How new research is driving down costs of intelligence
In an earlier piece, we already predicted that Open Source(OS) and the commoditization of AI would be a significant trend for this year. Since the landscape is rapidly evolving and proving pivotal for startups, we want to provide an overview of what happened recently and why it is crucial. Open Source is essential for companies who want to apply AI because it allows them to build their products independent of proprietary solutions. So far, however, OS models have been lagging behind in capabilities compared to models like GPT-4. A further difficulty for startups and SMEs has been the computing costs of fine-tuning and hosting an LLM. Both of these problems might become easier to solve than many people thought, as new research shows us how to get more capable OS models with less computing.
Microsoft surprises with a 13bn parameter model that shows capabilities similar to GPT-4
On June 5, Microsoft Research published a report on Orca, a 13bn parameter open-source model that is more than just another LLM with a fun animal name.

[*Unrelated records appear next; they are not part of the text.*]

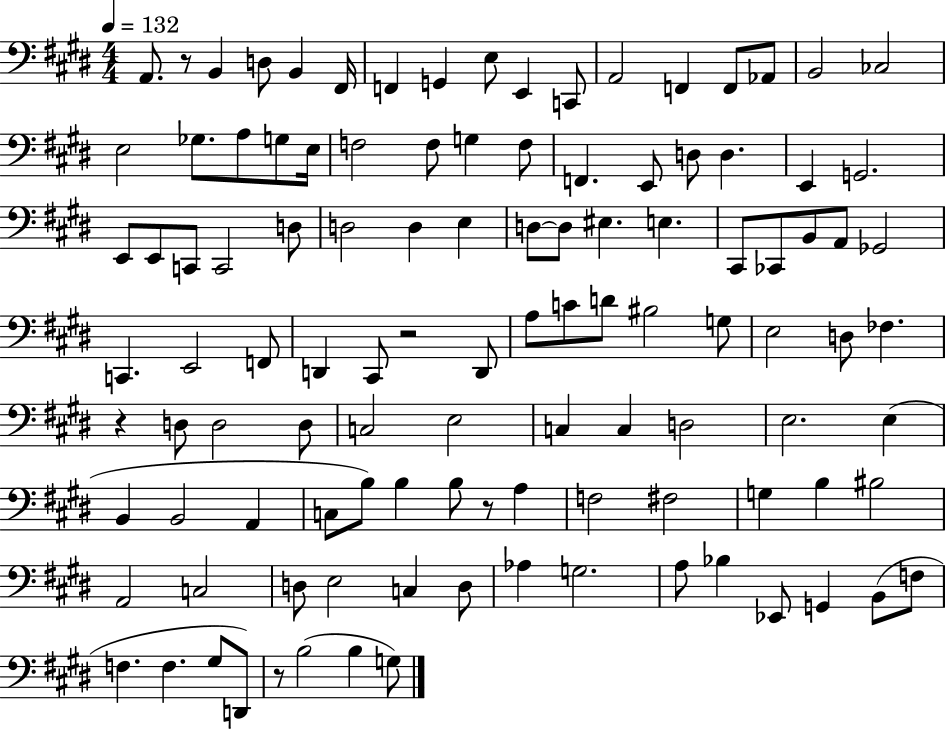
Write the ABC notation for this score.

X:1
T:Untitled
M:4/4
L:1/4
K:E
A,,/2 z/2 B,, D,/2 B,, ^F,,/4 F,, G,, E,/2 E,, C,,/2 A,,2 F,, F,,/2 _A,,/2 B,,2 _C,2 E,2 _G,/2 A,/2 G,/2 E,/4 F,2 F,/2 G, F,/2 F,, E,,/2 D,/2 D, E,, G,,2 E,,/2 E,,/2 C,,/2 C,,2 D,/2 D,2 D, E, D,/2 D,/2 ^E, E, ^C,,/2 _C,,/2 B,,/2 A,,/2 _G,,2 C,, E,,2 F,,/2 D,, ^C,,/2 z2 D,,/2 A,/2 C/2 D/2 ^B,2 G,/2 E,2 D,/2 _F, z D,/2 D,2 D,/2 C,2 E,2 C, C, D,2 E,2 E, B,, B,,2 A,, C,/2 B,/2 B, B,/2 z/2 A, F,2 ^F,2 G, B, ^B,2 A,,2 C,2 D,/2 E,2 C, D,/2 _A, G,2 A,/2 _B, _E,,/2 G,, B,,/2 F,/2 F, F, ^G,/2 D,,/2 z/2 B,2 B, G,/2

The model shows benchmark performances comparable to GPT-4, despite being orders of magnitude smaller and not having been trained on the same data. The model instead has been trained to imitate GPT-4. As the authors state: "Orca learns from rich signals from GPT-4 including explanation traces; step-by-step thought processes; and other complex instructions, guided by teacher assistance from ChatGPT."
To understand how much of a breakthrough this was, one must recognize that merely two weeks earlier, a paper had been published arguing that imitating proprietary models (like GPT-4) was not possible. In the now outdated paper, the authors concluded: "... model imitation is a false promise: there exists a substantial capabilities gap between open and closed LMs that, with current methods, can only be bridged using an unwieldy amount of imitation data or by using more capable base LMs." The fact that this statement has already been proven wrong is an impressive demonstration of how fast knowledge is progressing in this field. This new development unlocks new possibilities for Entrepreneurs.

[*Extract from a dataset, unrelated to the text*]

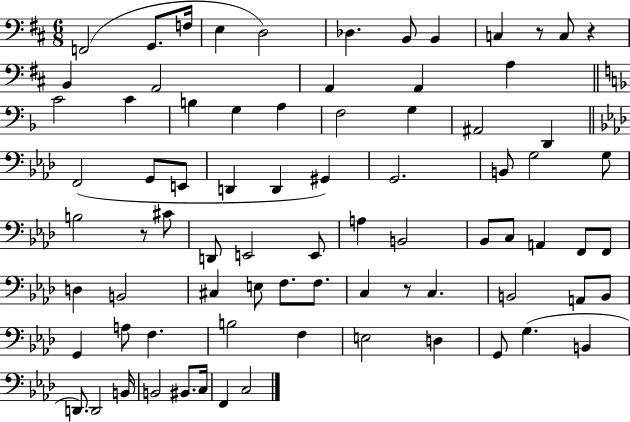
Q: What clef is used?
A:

New Paper shows a way for near-lossless compression of LLMs
Compressing an LLM enables you to run it with much less compute and on much smaller devices. The fact that this paper demonstrates a way to do these compressions without a significant loss of quality should again make small companies hopeful. It might enable an extensive array of new products. The paper itself paints an impressive picture of the potential of this advancement: "This makes it possible to run 33B parameter LLM on a single 24 GB consumer GPU without any performance degradation at 15% speedup, thus making powerful LLMs available to consumers without any downsides." This development, again, is important news from a startup perspective because it makes LLMs much more accessible even with low amounts of compute.

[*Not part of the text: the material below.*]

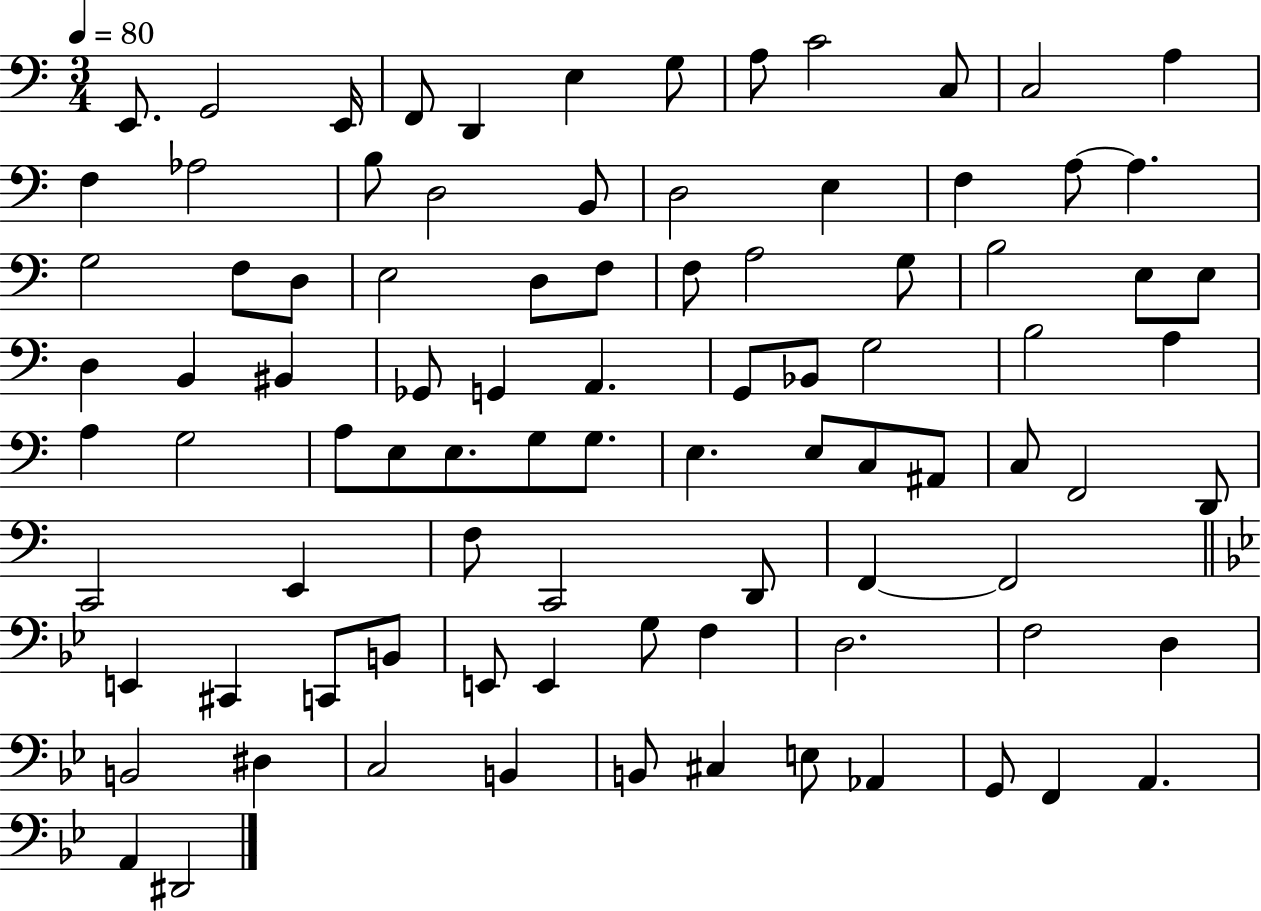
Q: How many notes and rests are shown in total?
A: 90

Inverse scaling laws show that bigger is not always better
For a long time, it seemed that larger models would always be more capable due to the scaling laws of LLMs, and whoever could effort the most extensive amounts of computing would also have the highest-performing models. This tendency might have resulted in a massive power shift toward Big Tech, creating a "winner takes it all"-situation in AI. A new paper, however, shows that LLMs, in many ways, get worse with scale. The authors state:
"Our tasks have helped drive the discovery of U-shaped and inverted-U scaling trends, where an initial trend reverses, suggesting that scaling trends are less reliable at predicting the behaviour of larger-scale models than previously understood. Overall, our results suggest that there are tasks for which increased model scale alone may not lead to progress and that more careful thought needs to go into the data and objectives for training language models."
For startups and SMEs, this shows that there is much more room for small players to compete with products that come out of Big Tech.